For the bar, spruce and pine needles can be made into a simple syrup or infused honey that can flavor mixed drinks or martinis. Beer brewers are becoming interested in using foraged ingredients and can use the fresh spruce or pine tips as a flavoring agent in the second fermentation cycle of brewing. A short fermentation will capture the desired aromatics and citrus high notes for a Belgian or wheat-styled ale without making the brew overly “tree” flavored.
Roasting meat or fish?
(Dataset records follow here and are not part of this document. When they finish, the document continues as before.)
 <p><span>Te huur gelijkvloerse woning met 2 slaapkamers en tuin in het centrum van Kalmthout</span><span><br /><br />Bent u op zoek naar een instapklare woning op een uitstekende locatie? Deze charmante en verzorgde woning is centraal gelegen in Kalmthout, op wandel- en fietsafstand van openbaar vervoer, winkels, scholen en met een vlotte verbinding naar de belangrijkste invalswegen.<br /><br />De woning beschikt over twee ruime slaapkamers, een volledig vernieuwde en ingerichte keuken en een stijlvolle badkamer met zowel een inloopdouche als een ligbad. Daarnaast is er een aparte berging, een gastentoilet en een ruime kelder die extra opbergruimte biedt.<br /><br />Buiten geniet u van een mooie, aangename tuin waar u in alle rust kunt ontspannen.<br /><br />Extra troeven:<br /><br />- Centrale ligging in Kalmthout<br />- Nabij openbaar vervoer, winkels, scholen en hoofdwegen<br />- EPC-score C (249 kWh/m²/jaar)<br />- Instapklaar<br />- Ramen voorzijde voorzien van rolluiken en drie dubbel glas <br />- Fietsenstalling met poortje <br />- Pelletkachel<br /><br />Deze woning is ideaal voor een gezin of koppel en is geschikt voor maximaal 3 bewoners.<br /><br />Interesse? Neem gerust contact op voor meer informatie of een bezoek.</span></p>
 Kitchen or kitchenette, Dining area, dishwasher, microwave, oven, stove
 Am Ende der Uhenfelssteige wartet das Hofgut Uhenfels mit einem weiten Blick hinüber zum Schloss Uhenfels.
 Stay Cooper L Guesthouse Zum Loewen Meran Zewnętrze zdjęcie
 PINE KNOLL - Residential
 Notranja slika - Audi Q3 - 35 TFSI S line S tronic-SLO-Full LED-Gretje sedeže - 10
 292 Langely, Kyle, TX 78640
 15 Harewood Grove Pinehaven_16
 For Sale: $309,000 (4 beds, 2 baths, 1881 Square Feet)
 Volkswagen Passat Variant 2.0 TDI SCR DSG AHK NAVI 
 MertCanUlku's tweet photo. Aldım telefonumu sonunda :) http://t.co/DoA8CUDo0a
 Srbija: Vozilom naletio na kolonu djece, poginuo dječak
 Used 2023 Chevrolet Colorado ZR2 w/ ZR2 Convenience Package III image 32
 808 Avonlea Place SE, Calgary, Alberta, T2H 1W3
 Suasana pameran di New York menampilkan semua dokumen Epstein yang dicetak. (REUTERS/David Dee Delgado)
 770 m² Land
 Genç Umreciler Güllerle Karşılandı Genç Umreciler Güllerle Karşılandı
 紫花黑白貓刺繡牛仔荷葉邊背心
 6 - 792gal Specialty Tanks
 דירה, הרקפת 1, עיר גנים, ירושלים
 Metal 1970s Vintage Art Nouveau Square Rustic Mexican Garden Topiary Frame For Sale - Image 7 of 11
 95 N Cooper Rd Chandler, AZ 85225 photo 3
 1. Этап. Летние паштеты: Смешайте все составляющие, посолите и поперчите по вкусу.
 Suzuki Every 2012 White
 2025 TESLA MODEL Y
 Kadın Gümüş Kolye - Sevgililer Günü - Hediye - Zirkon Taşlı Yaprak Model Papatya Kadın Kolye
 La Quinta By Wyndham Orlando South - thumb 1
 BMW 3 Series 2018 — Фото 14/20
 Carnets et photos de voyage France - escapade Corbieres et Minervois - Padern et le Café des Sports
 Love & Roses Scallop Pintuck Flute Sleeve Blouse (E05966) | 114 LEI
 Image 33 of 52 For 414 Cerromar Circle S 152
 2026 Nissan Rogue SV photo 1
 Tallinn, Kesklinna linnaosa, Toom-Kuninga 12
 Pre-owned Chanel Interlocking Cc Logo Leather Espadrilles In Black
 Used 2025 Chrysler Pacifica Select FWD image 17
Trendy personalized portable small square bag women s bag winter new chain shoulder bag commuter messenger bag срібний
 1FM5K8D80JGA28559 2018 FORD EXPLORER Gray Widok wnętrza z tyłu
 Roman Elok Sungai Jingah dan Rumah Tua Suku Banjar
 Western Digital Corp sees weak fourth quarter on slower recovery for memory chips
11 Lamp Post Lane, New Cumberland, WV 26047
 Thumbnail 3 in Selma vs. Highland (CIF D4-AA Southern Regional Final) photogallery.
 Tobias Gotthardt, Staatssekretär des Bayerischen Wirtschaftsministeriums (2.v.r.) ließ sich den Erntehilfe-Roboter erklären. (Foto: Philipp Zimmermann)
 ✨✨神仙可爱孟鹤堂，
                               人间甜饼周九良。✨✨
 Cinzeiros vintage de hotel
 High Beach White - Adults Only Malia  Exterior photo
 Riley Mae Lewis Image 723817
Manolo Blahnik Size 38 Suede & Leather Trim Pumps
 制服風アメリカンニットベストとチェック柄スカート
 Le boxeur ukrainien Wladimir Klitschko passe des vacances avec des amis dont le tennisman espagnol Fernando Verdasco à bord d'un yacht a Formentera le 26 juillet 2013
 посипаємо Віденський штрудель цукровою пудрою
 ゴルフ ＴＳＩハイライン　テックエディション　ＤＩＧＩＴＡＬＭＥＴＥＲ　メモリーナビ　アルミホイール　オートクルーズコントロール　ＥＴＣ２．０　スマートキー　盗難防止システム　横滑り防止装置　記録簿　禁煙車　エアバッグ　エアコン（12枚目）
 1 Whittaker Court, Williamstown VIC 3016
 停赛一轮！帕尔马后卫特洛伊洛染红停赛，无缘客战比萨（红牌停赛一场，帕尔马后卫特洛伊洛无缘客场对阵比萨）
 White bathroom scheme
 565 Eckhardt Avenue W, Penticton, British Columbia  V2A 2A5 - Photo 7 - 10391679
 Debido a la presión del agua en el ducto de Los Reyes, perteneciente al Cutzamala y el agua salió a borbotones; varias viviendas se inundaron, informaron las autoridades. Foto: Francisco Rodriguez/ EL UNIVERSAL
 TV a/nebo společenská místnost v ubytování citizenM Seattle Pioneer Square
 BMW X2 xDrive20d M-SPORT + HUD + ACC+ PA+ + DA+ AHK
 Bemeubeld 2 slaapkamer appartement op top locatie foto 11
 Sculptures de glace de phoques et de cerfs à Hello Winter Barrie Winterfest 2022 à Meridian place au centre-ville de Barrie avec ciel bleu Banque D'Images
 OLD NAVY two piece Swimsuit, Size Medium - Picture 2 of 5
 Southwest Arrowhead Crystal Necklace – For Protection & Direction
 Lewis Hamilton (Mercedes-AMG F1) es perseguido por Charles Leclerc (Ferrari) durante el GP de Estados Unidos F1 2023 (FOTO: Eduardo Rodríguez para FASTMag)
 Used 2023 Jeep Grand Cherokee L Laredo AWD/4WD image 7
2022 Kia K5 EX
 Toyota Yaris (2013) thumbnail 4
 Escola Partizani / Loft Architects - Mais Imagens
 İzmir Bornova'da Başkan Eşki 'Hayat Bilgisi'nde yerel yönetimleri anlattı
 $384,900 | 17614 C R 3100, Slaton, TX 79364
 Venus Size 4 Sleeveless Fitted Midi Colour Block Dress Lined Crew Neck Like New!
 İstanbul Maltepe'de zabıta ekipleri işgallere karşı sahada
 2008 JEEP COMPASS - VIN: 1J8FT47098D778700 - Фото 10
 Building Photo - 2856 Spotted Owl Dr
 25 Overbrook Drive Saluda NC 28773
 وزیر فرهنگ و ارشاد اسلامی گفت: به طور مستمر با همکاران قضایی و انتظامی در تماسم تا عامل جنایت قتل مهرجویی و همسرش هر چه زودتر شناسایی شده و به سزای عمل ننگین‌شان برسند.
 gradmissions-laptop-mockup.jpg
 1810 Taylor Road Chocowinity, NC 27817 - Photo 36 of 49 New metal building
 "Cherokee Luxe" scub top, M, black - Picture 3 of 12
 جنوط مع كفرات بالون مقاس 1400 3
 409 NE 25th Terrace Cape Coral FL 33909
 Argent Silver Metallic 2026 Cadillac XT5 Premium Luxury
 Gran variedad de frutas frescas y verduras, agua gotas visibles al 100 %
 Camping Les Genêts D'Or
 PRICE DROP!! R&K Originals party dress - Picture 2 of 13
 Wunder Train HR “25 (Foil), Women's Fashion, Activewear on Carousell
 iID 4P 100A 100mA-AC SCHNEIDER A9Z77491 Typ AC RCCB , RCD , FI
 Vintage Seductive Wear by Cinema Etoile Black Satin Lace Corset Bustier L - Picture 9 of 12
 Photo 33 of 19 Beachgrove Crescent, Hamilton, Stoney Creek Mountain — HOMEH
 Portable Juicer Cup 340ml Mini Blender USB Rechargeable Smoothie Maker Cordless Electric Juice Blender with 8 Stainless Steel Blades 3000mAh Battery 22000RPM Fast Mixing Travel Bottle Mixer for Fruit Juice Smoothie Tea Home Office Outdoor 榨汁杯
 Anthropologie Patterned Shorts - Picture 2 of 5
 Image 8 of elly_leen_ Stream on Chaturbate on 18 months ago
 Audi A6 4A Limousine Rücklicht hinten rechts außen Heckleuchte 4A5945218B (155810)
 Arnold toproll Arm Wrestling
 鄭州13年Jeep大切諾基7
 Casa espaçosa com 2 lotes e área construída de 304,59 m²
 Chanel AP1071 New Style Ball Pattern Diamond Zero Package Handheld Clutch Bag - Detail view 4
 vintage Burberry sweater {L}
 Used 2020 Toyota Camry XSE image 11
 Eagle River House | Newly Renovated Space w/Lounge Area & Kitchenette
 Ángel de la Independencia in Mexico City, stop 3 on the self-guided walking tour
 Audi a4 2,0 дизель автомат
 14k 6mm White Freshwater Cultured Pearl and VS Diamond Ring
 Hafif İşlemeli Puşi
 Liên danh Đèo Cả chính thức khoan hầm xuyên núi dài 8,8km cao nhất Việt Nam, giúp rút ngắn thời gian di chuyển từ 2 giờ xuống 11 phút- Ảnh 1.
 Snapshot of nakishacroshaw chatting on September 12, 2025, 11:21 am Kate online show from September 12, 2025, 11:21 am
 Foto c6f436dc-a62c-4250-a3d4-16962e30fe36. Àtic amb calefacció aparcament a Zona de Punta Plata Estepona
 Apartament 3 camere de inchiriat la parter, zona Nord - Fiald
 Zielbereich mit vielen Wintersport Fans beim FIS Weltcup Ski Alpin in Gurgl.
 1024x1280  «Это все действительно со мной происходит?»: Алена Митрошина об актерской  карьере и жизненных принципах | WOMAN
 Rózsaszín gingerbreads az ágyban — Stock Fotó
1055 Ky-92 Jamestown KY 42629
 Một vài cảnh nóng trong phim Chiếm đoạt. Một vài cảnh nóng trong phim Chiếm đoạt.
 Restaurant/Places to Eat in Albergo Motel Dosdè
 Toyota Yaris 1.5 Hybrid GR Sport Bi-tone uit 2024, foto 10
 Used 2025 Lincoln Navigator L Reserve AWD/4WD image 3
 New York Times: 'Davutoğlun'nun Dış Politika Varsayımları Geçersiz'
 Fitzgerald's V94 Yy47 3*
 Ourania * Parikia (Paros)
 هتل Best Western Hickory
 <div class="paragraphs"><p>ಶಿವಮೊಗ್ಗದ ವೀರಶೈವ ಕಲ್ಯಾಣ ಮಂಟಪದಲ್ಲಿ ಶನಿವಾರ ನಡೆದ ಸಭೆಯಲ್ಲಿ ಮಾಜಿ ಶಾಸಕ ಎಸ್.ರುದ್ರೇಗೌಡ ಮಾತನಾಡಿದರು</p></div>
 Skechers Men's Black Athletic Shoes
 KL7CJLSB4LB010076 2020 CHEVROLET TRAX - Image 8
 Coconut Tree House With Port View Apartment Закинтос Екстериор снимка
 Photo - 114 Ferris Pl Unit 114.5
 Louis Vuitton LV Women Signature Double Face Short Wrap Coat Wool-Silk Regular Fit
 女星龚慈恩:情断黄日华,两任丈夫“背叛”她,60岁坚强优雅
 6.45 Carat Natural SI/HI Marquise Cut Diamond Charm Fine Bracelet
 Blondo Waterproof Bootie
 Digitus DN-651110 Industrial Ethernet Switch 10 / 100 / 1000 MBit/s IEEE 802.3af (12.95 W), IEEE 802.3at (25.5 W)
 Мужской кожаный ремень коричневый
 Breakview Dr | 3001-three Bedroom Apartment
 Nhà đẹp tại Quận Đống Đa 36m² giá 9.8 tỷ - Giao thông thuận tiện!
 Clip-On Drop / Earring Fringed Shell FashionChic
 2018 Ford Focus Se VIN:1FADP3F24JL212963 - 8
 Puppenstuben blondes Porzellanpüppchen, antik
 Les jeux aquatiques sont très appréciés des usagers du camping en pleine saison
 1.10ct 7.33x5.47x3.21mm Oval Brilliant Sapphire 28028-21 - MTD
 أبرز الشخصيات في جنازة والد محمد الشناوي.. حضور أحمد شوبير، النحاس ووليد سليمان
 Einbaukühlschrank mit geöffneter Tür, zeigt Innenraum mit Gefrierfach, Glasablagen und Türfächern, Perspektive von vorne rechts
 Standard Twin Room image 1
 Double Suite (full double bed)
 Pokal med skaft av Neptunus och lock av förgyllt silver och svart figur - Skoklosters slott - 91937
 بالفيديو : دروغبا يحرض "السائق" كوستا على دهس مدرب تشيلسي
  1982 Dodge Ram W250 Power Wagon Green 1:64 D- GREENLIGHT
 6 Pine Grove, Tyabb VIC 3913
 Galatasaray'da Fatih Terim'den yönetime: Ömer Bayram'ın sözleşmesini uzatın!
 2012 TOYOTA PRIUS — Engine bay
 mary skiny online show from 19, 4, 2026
Water-soaked boughs and needles can be used to roast or steam white-fleshed fish to infuse the meat with the flavors of the evergreens.
And for dessert, concoct a pine or spruce-infused honey to drizzle over ice cream (or can flavor ice cream!). The infused honey can also be served alongside a Stilton or local cheddar cheese — It is a sumptous way to savor the magical forest flavor.
These conifers also have a place in the herbal apothecary. As an herbal remedy, spruce, fir or pine needles can be made into a tea. Add boiling water to a pot of needles, cover, and let steep for 3 to 5 minutes. Its aromatics can open up stuffy sinuses and the astringency of the tea can help dry up runny noses and sinus gunk. Sweeten with honey, sip, and inhale the aromatics for best results.
Other musings on these conifers and their uses:
Fir body balms: (My friend and herbalist Rebecca McTrouble makes a divine White Fir Body Butter)
Aromatic steam inhalations for colds and flus
***Foraging note: Some things to give consideration before using the evergreen boughs for food and herbal use — make sure your boughs were sourced from a tree farm or nursery that uses chemical-free growing practices. It’s common in commercial Christmas tree farming to spray the trees with a fire retardant also, in addition to possible herbicides and/or pesticides used in the fields.
Don’t decorate your home with conifers for the holiday? The branches and boughs can be sustainably harvested off the forest floor after a winter’s wind storm without having to gather directly from a mature tree.